# loksound 5xl in USAT NW2



## bigemike (Jan 18, 2021)

I have a couple of questions?
What motor selection do I want to use in the lokprogrammer for the USAT engines?
And has anyone had success wiring the old smoke units directly to the 5v output of the 5xl? they are the older square ceramic wick style 

Everything else has seemed pretty straight forward.


----------



## LGB333$$$$ (Oct 11, 2017)

Hi bigemike - I do DCC sound decoder conversions for customers' LGB locomotives using Massoth, ESU, LGB, Phoenix and Soundtraxx. I am going to install an ESU 5Xl into a customer's USAT F Diesel set but not until April or May, so I'll also need to figure out what Motor Setting to use. You could check with USAT folks in MA about the specs of their motors........give them the list of options shown in the LokProgrammer. And if you find out, please post it here on this forum.


----------



## Greg Elmassian (Jan 3, 2008)

You should measure the current draw of the smoke units before trying to drive them directly from the decoder.

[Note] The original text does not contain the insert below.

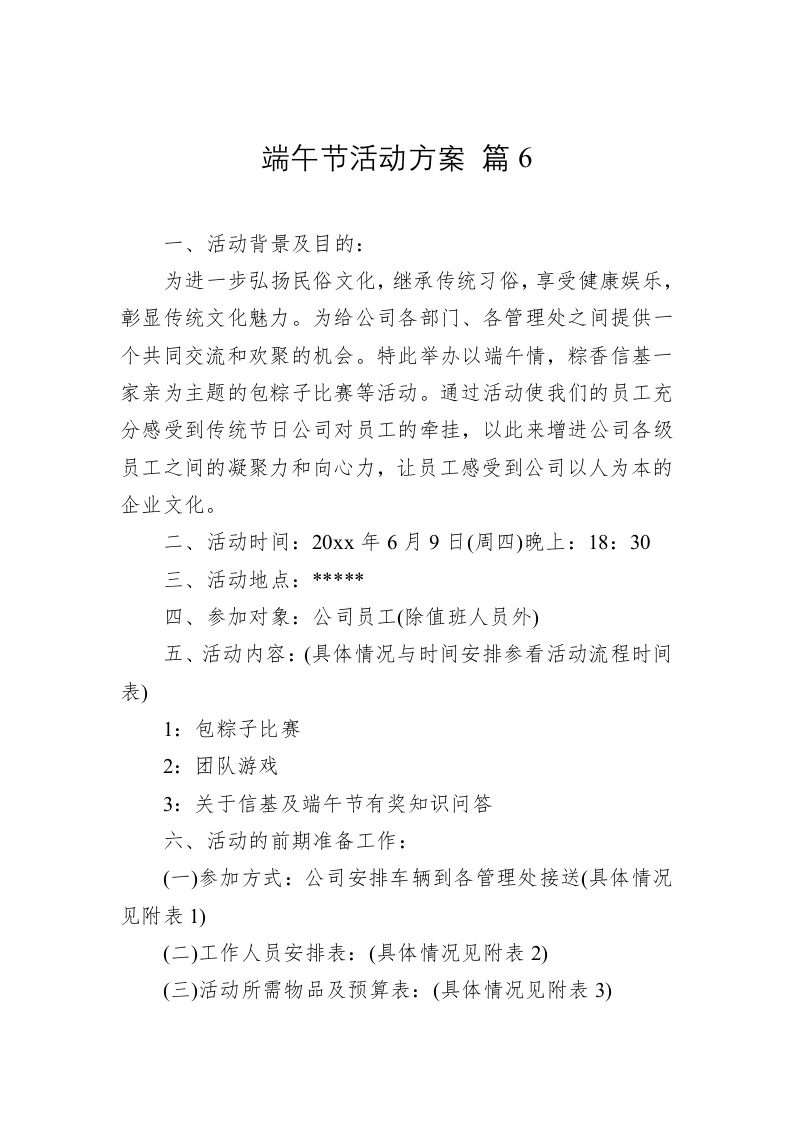 端午节活动方案 篇6 第1页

Otherwise use the existing regulator board and a relay to send track power to the regulator boards.

Greg


----------



## bigemike (Jan 18, 2021)

LGB333$$$$ said:


> Hi bigemike - I do DCC sound decoder conversions for customers' LGB locomotives using Massoth, ESU, LGB, Phoenix and Soundtraxx. I am going to install an ESU 5Xl into a customer's USAT F Diesel set but not until April or May, so I'll also need to figure out what Motor Setting to use. You could check with USAT folks in MA about the specs of their motors........give them the list of options shown in the LokProgrammer. And if you find out, please post it here on this forum.


I used the Buhler settings from page 64 of the loksound manual and it works perfectly.


----------



## LGB333$$$$ (Oct 11, 2017)

bigemike said:


> I used the Buhler settings from page 64 of the loksound manual and it works perfectly.


Good to know..........thanks!


----------



## TAAudi (Dec 6, 2012)

bigemike said:


> I used the Buhler settings from page 64 of the loksound manual and it works perfectly.


Hi Mike,
why don't you let the decoder do that? set CV54 to 0 and then press F1 ......... the loco will run 1 or 2 Meters ..... and it´s now ready to run .... normaly


----------